[Excerpted data — start]
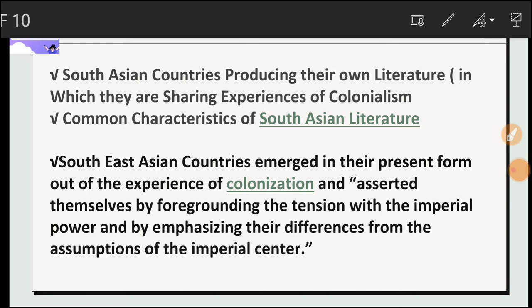Now we will look at some common characteristics of South Asian literature. South Asian countries emerged in their present form out of the experience of colonization.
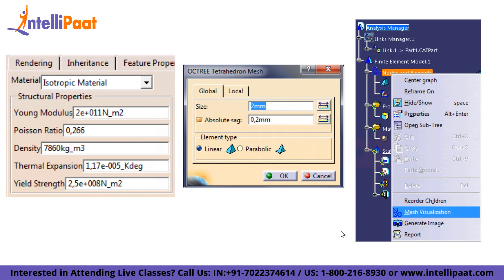Right-click on nodes and elements and click mesh visualization. Regarding mesh size: a smaller mesh results in a more accurate solution, but this cannot be done indiscriminately. Elements must be smaller in regions of high stress gradient such as stress concentrations, which are areas where geometry changes rapidly — such as bends, fillets, and keyways.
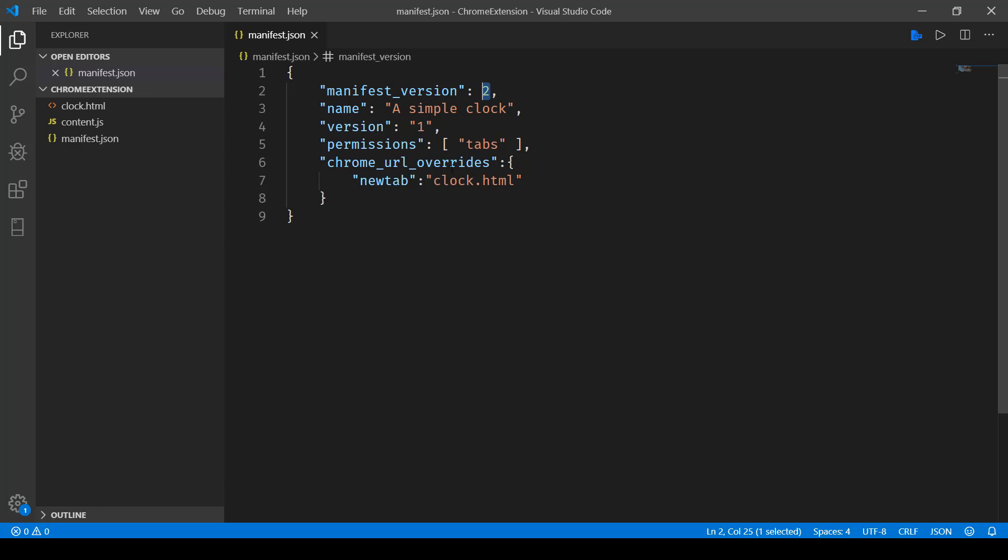This Chrome URL overrides ensures that every time you open up a new tab, that tab gets replaced with your HTML file and that HTML file basically resides in your Chrome extension package. So here you can see it's clock.html.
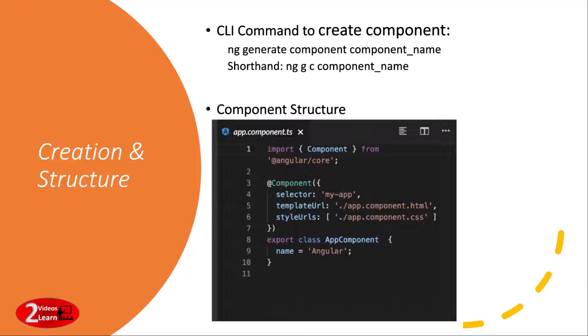Within the @Component decorator, you can see three variables: the selector, templateUrl, and styleUrls. styleUrls is for mentioning the component styles, and for the view we have the template app.component.html. The selector, my-app, can be referenced to use this particular component in other parts of the application.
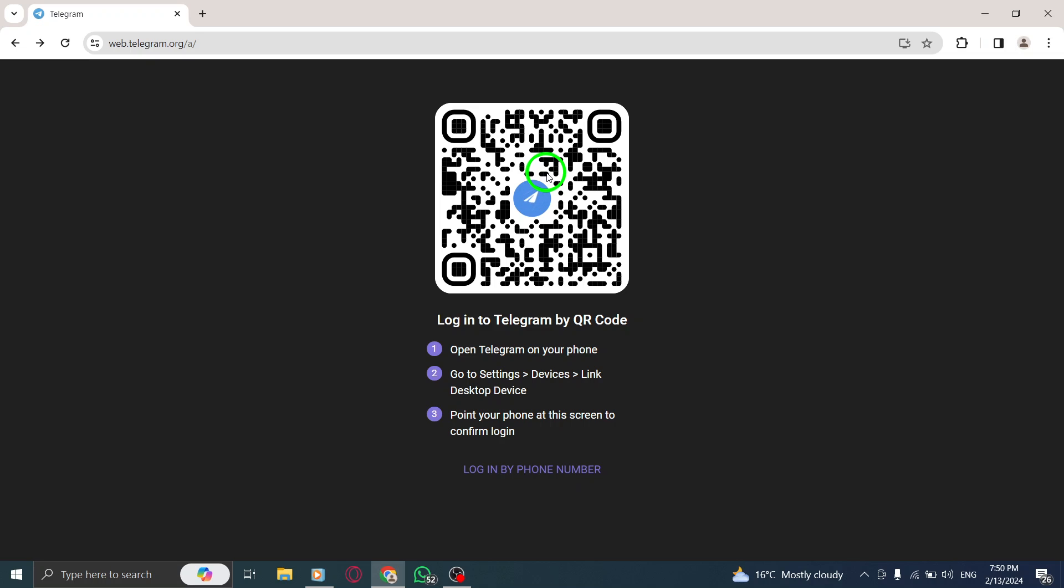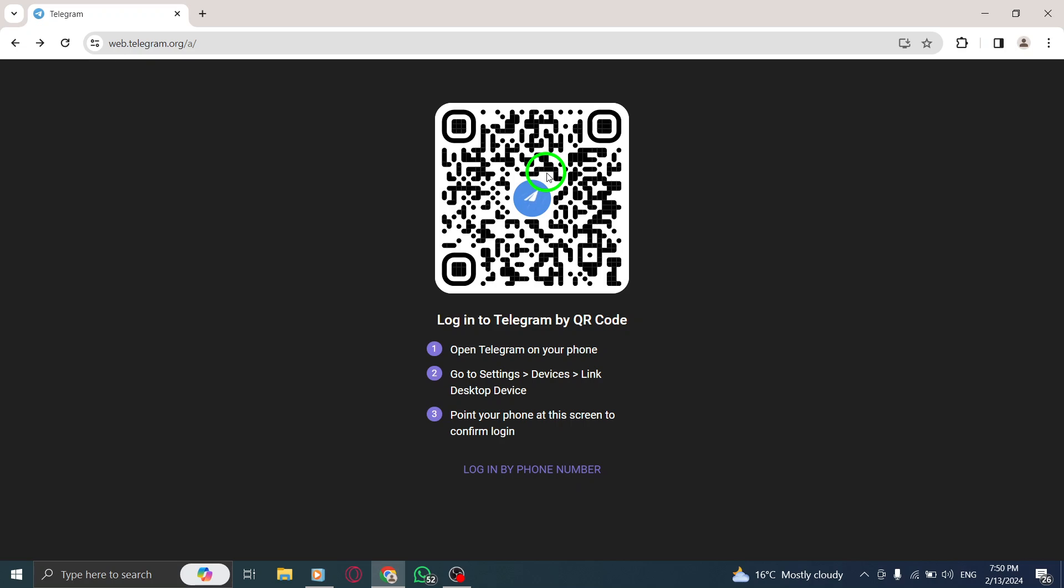Step 6. Select the Link desktop device option. Step 7. To link your phone, scan the QR code displayed on Telegram's web app using your phone's camera.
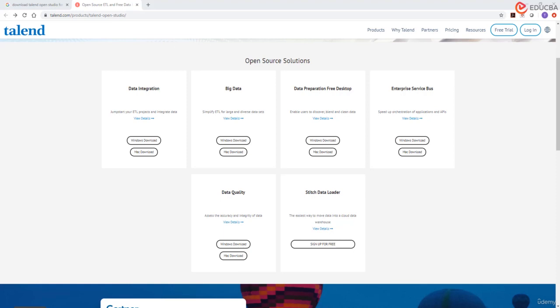Today we will see how to download and install Talend Data Integration Studio. Talend Data Integration Studio is an open source software that is available for free download on Talend website. Talend offers both open source and enterprise editions.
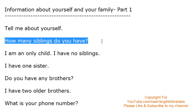How many siblings do you have? How many siblings do you have? How many siblings do you have?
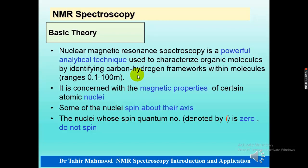NMR spectroscopy, that is nuclear magnetic resonance spectroscopy, is a powerful analytical tool which is used to characterize organic molecules by identifying the carbon-hydrogen framework in the molecule. Because in previous spectroscopies we knew the functional group and transitions in the molecule, NMR will help us know the framework — how many hydrogens and carbons are attached and their positions. For NMR spectroscopy, we use radio frequencies, which are very much less energetic and have a longer wavelength of 0.1 to 100 meters.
[Excerpted data — finish]
Exercise objective: All records are to be reproduced exactly; the pictures are to be omitted.

Output below:
Now we will look at some common characteristics of South Asian literature. South Asian countries emerged in their present form out of the experience of colonization.
Right-click on nodes and elements and click mesh visualization. Regarding mesh size: a smaller mesh results in a more accurate solution, but this cannot be done indiscriminately. Elements must be smaller in regions of high stress gradient such as stress concentrations, which are areas where geometry changes rapidly — such as bends, fillets, and keyways.
This Chrome URL overrides ensures that every time you open up a new tab, that tab gets replaced with your HTML file and that HTML file basically resides in your Chrome extension package. So here you can see it's clock.html.
Within the @Component decorator, you can see three variables: the selector, templateUrl, and styleUrls. styleUrls is for mentioning the component styles, and for the view we have the template app.component.html. The selector, my-app, can be referenced to use this particular component in other parts of the application.
Step 6. Select the Link desktop device option. Step 7. To link your phone, scan the QR code displayed on Telegram's web app using your phone's camera.
Today we will see how to download and install Talend Data Integration Studio. Talend Data Integration Studio is an open source software that is available for free download on Talend website. Talend offers both open source and enterprise editions.
How many siblings do you have? How many siblings do you have? How many siblings do you have?
NMR spectroscopy, that is nuclear magnetic resonance spectroscopy, is a powerful analytical tool which is used to characterize organic molecules by identifying the carbon-hydrogen framework in the molecule. Because in previous spectroscopies we knew the functional group and transitions in the molecule, NMR will help us know the framework — how many hydrogens and carbons are attached and their positions. For NMR spectroscopy, we use radio frequencies, which are very much less energetic and have a longer wavelength of 0.1 to 100 meters.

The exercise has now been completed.